-- EXERCISE PROMPT --
Your task is to give the listing below back word for word, pictures excluded.

-- INFORMATION SHOWN --
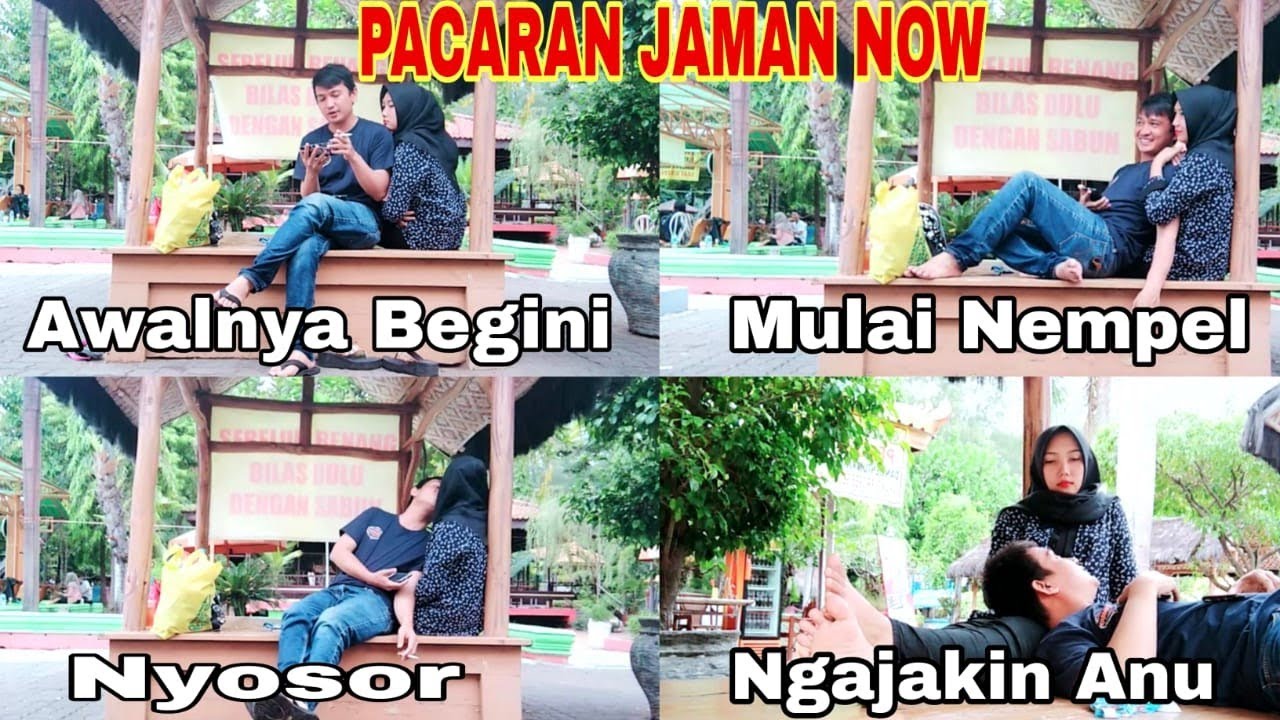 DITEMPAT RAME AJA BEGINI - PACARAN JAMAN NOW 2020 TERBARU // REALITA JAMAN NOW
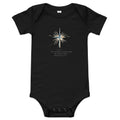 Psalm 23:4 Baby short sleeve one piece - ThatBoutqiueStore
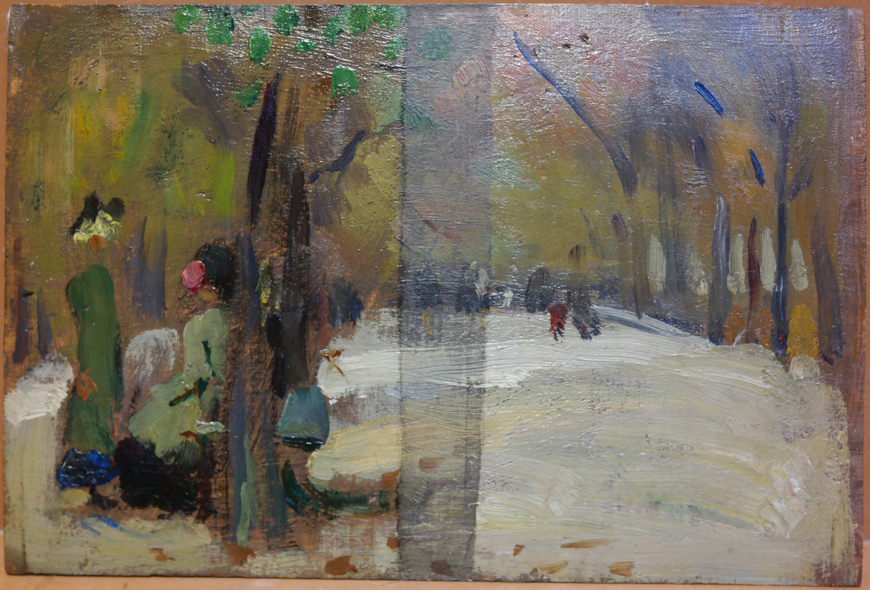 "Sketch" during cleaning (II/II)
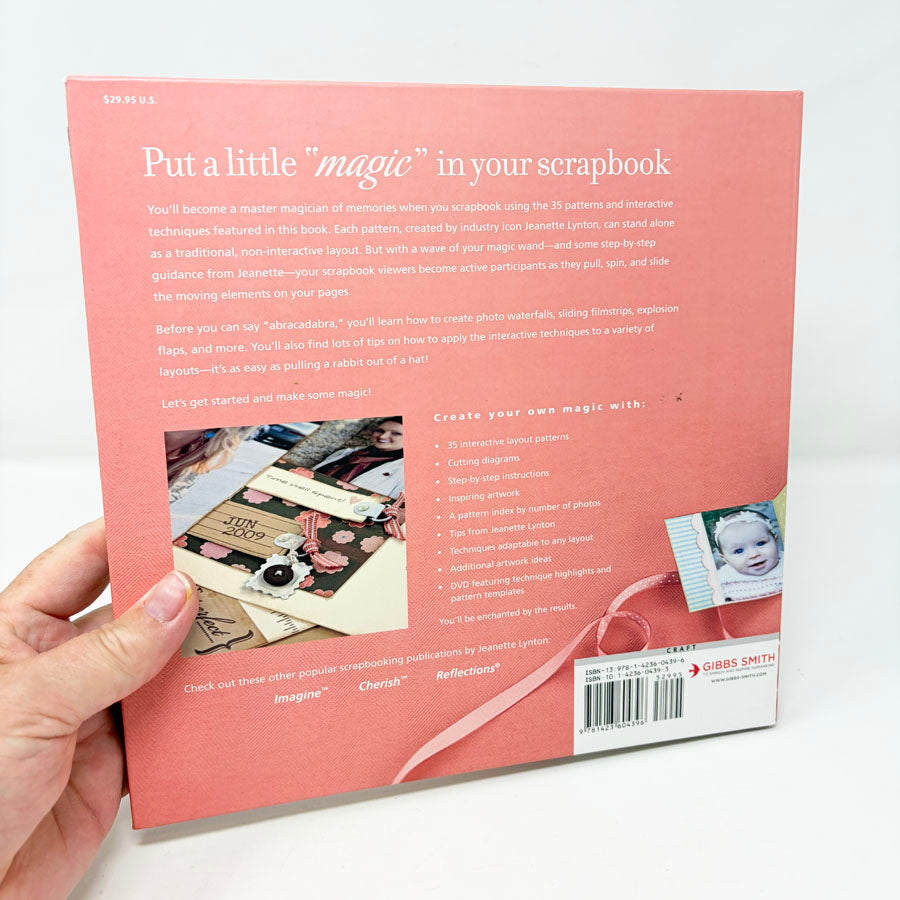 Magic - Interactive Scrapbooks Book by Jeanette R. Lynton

-- EXERCISE RESPONSE --
 DITEMPAT RAME AJA BEGINI - PACARAN JAMAN NOW 2020 TERBARU // REALITA JAMAN NOW
 Psalm 23:4 Baby short sleeve one piece - ThatBoutqiueStore
 "Sketch" during cleaning (II/II)
 Magic - Interactive Scrapbooks Book by Jeanette R. Lynton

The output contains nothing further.